Puerto Rican sprinter

Marie Lande Mathieu (born November 28, 1956) is a Puerto Rican former sprinter who competed at the 1984 Summer Olympics in Los Angeles, reaching the semifinals of the individual 400 meters and anchoring the 4 × 400-meter relay team alongside her younger sister, Evelyn. Mathieu achieved global prominence by capturing multiple sprint sweeps at the World Masters Athletics Championships and setting enduring masters world records in the 400 meters across the W45 (56.15), W50 (57.66), and W55 (1:00.56) age divisions.

== Career ==
She competed in the 400 metres at the 1984 Olympics. Marie qualified for the semi-final round but did not qualify for the finals, finishing seventh in her semi-final race. Later she joined her younger sister Evelyn Mathieu in the 4 × 400 metres relay, Evelyn running the lead off leg and Marie running the anchor leg in the qualifying round. The team qualified for the finals, but did not start.

Marie has continued to run into masters athletics age groups. In 2003, at the home town World Masters Athletics Championships held in Carolina, Puerto Rico, she set the still standing W45 world record in the 400 metres at 56.15. She also won two other sprinting events in the same meet. Four years later, in the same meet, without the home town advantage, she set the current W50 record at 57.66 in Riccione, Italy.
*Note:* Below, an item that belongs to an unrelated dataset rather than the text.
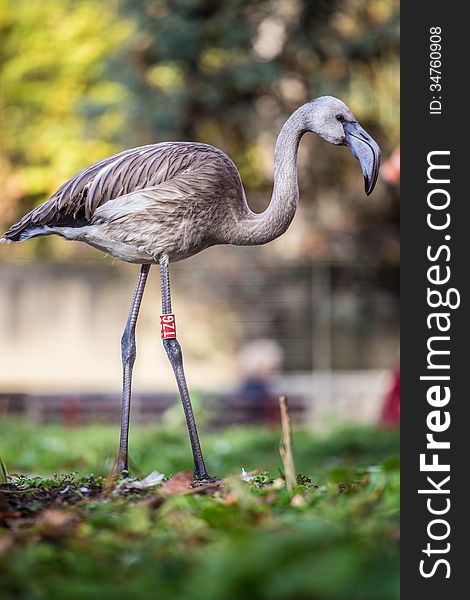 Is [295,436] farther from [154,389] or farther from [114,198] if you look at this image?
[114,198]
Six years later, she again repeated the feat, setting the W55 world record at 1:00.56 at the World Championships in Porto Alegre, Brazil. She competed at the 2010 NACAC Masters Championships, where she set meet record in the 100 metres, 200 metres and 400 metres. She had swept those same three sprinting events at the 2009 World Championships in Lahti, Finland.